Text Recognition for Zooniverse

The goal of this repository is to use and create methods for handwritten text recognition and incorporate them into the Zooniverse platform.

Some overall notes for the repository:
While it's technically not the home directory, I'll be refering to the top level directory as "~" for convenient notation.
I used python 3.6 within Anaconda 4.4 to run everything. The neural networks were run on tensorflow 1.4.

Data preparation

To run everything in the repository, first you need to do some set up.

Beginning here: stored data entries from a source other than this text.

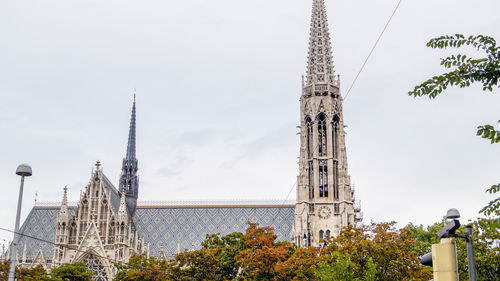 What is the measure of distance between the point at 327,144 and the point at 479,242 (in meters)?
29.6

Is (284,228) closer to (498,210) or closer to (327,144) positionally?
(327,144)

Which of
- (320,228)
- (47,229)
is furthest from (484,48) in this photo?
(47,229)

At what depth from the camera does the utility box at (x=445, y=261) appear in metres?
4.98

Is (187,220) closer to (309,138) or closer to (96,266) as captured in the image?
(96,266)

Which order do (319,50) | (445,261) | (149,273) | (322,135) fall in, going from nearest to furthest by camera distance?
(445,261), (149,273), (322,135), (319,50)

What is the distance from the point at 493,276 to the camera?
31094 mm

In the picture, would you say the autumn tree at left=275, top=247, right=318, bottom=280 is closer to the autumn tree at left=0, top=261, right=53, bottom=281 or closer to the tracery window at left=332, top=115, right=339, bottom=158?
the autumn tree at left=0, top=261, right=53, bottom=281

While feasible to do certain parts of this on your local machine, the main tensorflow models are very computationally expensive and prohibitive to use on a normal computer without a GPU. With that in mind, the following steps don't actually differ depending on where you're doing this all, just that there will be some set up that's expected.
From a command line, navigate to the folder ~/bash_scripts and run "bash 1setup_folders.sh". This creates a couple of necessary folders.
Download the data files - if using a cloud service, upload to the cloud.
1. From the IAM Handwriting Database, download the zipped ascii.tgz and lines.tgz files from this page. You have to make an account first, but it's free. You'll also need the training-validation splits found in the Tasks section of this page. Put these into the folder ~/data_raw/iamHandwriting
2. From tranScriptorium, download the Bentham Collection data. You specifically want the "Ground Truth" zip file. Put this into the folder ~/data_raw
3. To do the online training stuff as it currently is, you need data from the Anti-Slavery Manuscripts Zooniverse project. If you're a random person who stumbled upon this repository, you're not allowed to access this data. If you're a Zooniverse researcher, ask Sam for the data, and she'll set you up. You specifically need a classifications export and a subject export and you should put the data into ~/data_raw/ASM
Navigate to ~/bash_scripts and run "bash 2decompress_data.sh". This does require the unzip command which doesn't come pre-installed on all Linux systems so if it doesn't work, you'll want to do "sudo apt-get install unzip". Two notes for this step: 1) This deletes the previously existing data in the IAM and Bentham folders. 2) The decompressing isn't verbose because there are a few thousand files and that would slow down an already slow process.
Now you can preprocess the data. If you want the easy route, navigate to ~/preprocess and run "python preprocess_all.py" and wait a while (like an hour) because the preprocessing, specifically for the Anti-Slavery Manuscripts stuff, is slow. If you want to do something else, go into the ~/preprocess folder and look at the README found there. At this point, the data is ready for ingestion into the model.

Modeling

There is a lot more detail in the README found in the modeling folder, but what follows is a basic description of how to run the models.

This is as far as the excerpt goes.